Comedy star Steve Speirs turns his hand to theatre and tells us why we should watch opera!

As some of you may already know, I am a huge advocate for young people within theatre. Whether its watching, acting or reviewing I believe the disconnect between the performing arts industry and younger generations has become too big, and I will always aim to change this. One of the reasons why this is may be due to the abundance of negative connotations around theatre. It’s mostly full of old men, it’s too expensive, the shows are long, boring and difficult to understand. Pretentious, dry, stuffy, boring, the list goes on…

Therefore you can only imagine my excitement to see that actor and funny guy Steve Speirs, was working with the Welsh National Opera to make theatre (and opera in particular) more accessible. His video campaign has blown up over the past couple of weeks, with his YouTube hits reaching nearly 20,000 views in one short month.

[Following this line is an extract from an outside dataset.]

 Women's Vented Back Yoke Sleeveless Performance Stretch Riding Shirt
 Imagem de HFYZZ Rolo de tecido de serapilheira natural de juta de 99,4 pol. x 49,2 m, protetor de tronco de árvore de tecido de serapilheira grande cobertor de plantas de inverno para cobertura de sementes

Steve, who is well known for his role in ‘Stella’ and well as his work in Star Wars, Pirates of the Caribbean and Eragon, has “popped his Opera cherry”, as he says, by taking on the comedic role of Frosch in WNO’s Die Fledermaus. Written and sung in English, Steve is eager to let everybody know that this show is perfect for first time opera watchers, “Die Fledermaus is an operetta, so there is spoken dialogue and it’s really, really accessible. That’s the thing I tell everybody. Die Fledermaus is a really good opera to pop your cherry on.”

Theatre is all about being immersed in the show. Allowing yourself and your imagination to run away with itself and be taken through the story by the actors onstage. And if you don’t let down your barriers and let this happen, it’s difficult for the show to have any kind of effect on you, this works identically with opera.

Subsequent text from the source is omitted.